Notifications You must be signed in to change notification settings

CoDS-GCS/KGNET

Folders and files

NameName
Last commit message
Last commit date

Latest commit

 
 
 
 
 
 
 
 
 
 
 
 
 
 
 
 
 
 
 
 
 
 
 
 
 
 
 
 
 
 
 
 
 
 
 
 
 
 
 
 
 
 
 
 
 
 
 
 
 
 
 
 
 
 
 
 
 
 
 
 
 
 
 
 
 
 
 
 
 
 
 
 
 
 
 
 
 

Repository files navigation

KGNET is to be published at ICDE-2023

KGNET - A GML-Enabled RDF Engine

kgnet_architecture

This vision paper proposes KGNet, an on-demand graph machine learning (GML) as a service on top of RDF engines to support GML-enabled SPARQL queries. KGNet automates the training of GML models on a KG by identifying a task-specific subgraph. This helps reduce the task-irrelevant KG structure and properties for better scalability and accuracy. While training a GML model on KG, KGNet collects metadata of trained models in the form of an RDF graph called KGMeta, which is interlinked with the relevant subgraphs in KG. Finally, all trained models are accessible via a SPARQL-like query. We call it a GML-enabled query and refer to it as SPARQLML. KGNet supports SPARQLML on top of existing RDF engines as an interface for querying and inferencing over KGs using GML models. The development of KGNet poses research opportunities in several areas, including meta-sampling for identifying task-specific subgraphs, GML pipeline automation with computational constraints, such as limited time and memory budget, and SPARQLML query optimization. KGNet supports different GML tasks, such as node classification, link prediction, and semantic entity matching. We evaluated KGNet using two real KGs of different application domains. Compared to training on the entire KG, KGNet significantly reduced training time and memory usage while maintaining comparable or improved accuracy. The KGNet source-code1 is available for further study

SPARQL-ML Demo Vedio

SPARQL-ML Demo
SAPRQL-ML Demo Colab notebook.

Installation

  • Clone the kgnet repo
  • Create kgnet Conda environment (Python 3.8) and install pip requirements.
  • Activate the kgnet environment
conda activate kgnet

Quickstart

Supported Features

  • Openlink-Virtuoso RDF Engine
  • Train GNN models
    • node classification methods (RGCN,Shadow-GNN,GraphSaint)
    • link prediction methods (RGCN,MorsE)
  • Inference for Seen Nodes
    • node classification methods (RGCN,GraphSaint) , more methods to be supported soon
    • node classification methods (RGCN) , more methods to be supported soon
  • SPARQL-ML queries
    • Single GML task per query (user defined predicate i.e. kgnet:types/NodeClassifier)
    • ( nested queries , unions , group by ) queries are not supported
  • RDF Engines
    • Open-Link Virtuosos
    • Stardog

KGNET Configration settings

  • Storage settings either (local file system, Remote File system, S3 storage)
    • Datasets path: path to the trained task sampled subgraph data
    • Inference data path : temp path to store inference subgraph data
    • trained model path: path to the trained task model file
    • Models storage manager API IP/Port : Restful API IP/Port
  • Inference API IP/Port: Restful API IP/Port
  • Data KG
    • Endpoint url
    • Named graph URI
  • KGMeta KG
    • Endpoint url
    • Named graph URI

1. Initializing KGNET

Step 1: Importing KGNET and setting up the paths.
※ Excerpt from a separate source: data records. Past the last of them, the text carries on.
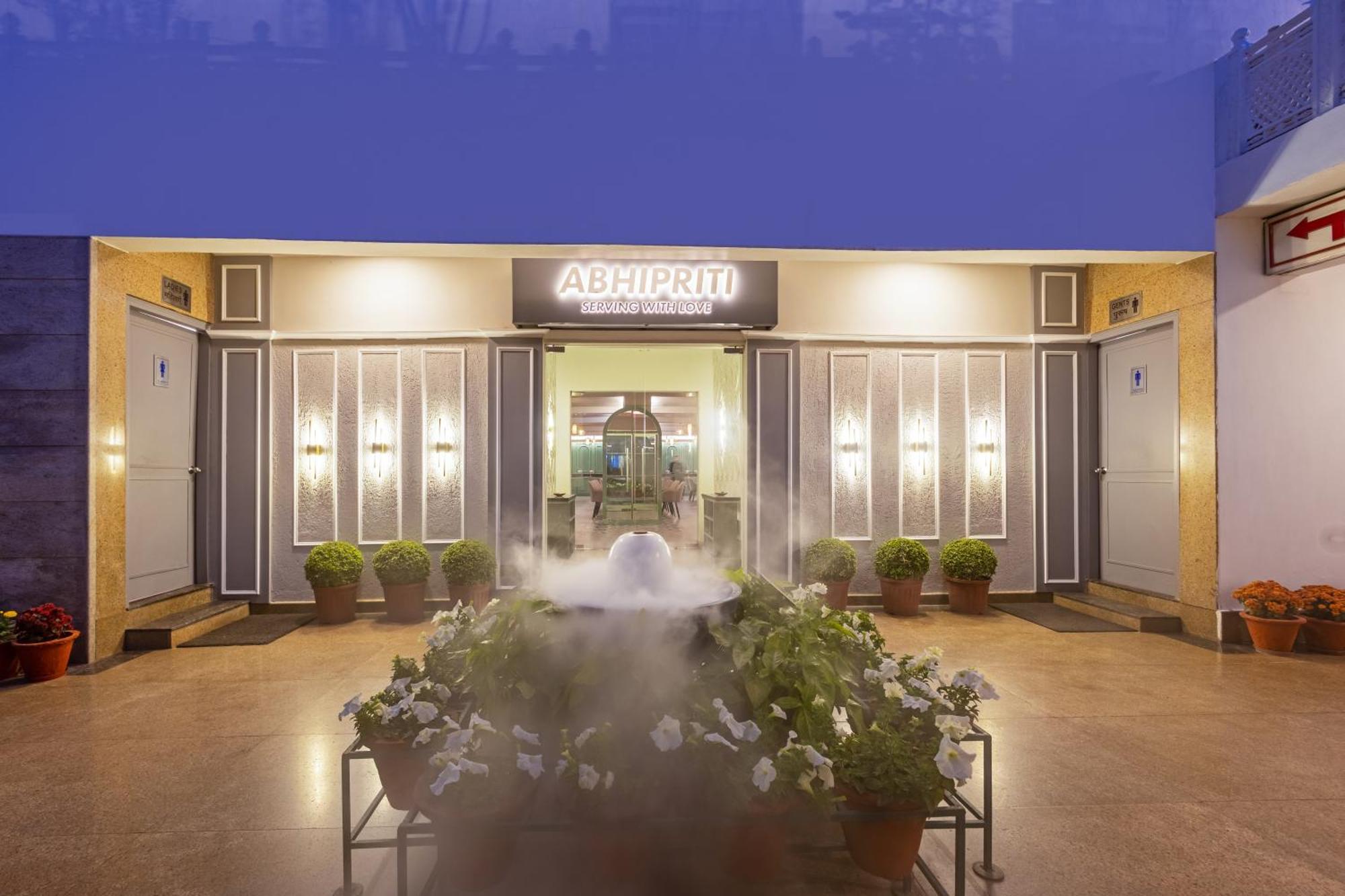 Aapno Ghar Resort & Amusement Park Ґурґаон Екстер'єр фото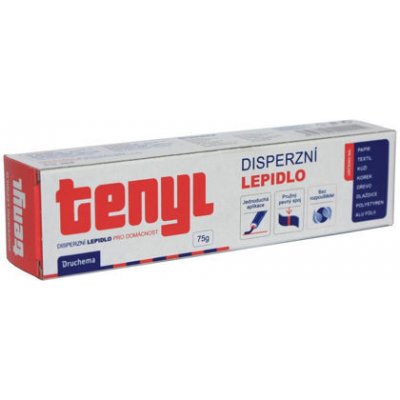 Tenyl lepidlo pro domácnost 75 g – Sleviste.cz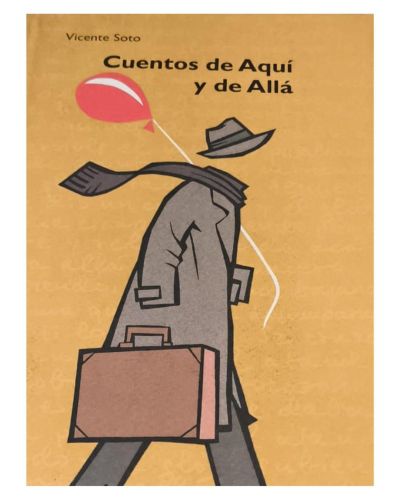 Portada del libro de Cuentos de aquí y de allá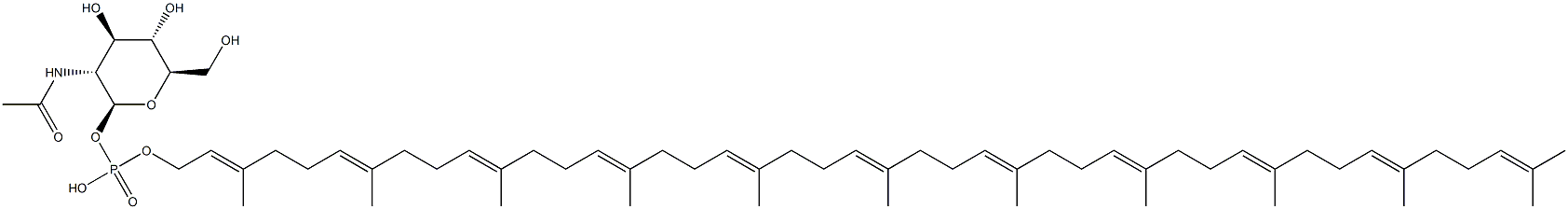 N-acetylglucosaminylphosphorylundecaprenol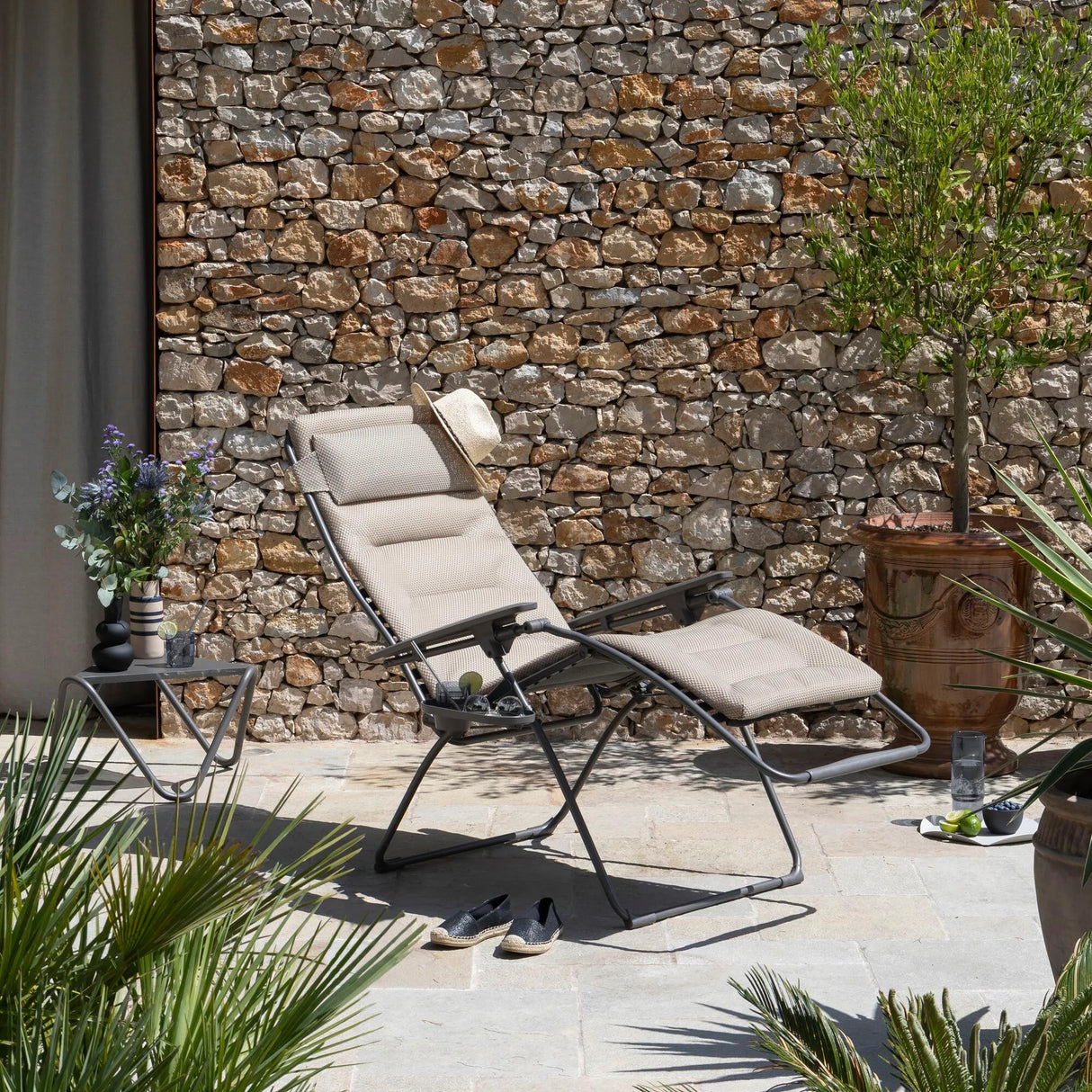 Lafuma Futura Relax-Sessel Zero Gravity XL BeComfort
Use the following code to import KGNET and set up the path where you want to store your datasets:

from KGNET.KGNET import KGNET
KGNET.KGNET_Config.datasets_output_path="/path/to/datasets/"
...

Note: It is suggested that you observe the default paths inside KGNET/Constants.py and configure them based on your preference.

Step 2: Create a KGNET instance and load your Knowledge Graph (KG).

A KGNET object contains all the necessary details about the KG. You can instantiate a KGNET object with the following example:

kgnet = KGNET(KG_endpointUrl="http://206.12.100.35:5820/kgnet_kgs/query",KGMeta_endpointUrl="http://206.12.100.35:5820/kgnet_kgs/query", KG_NamedGraph_IRI='https://dblp2022.org',RDFEngine=RDFEngine.stardog)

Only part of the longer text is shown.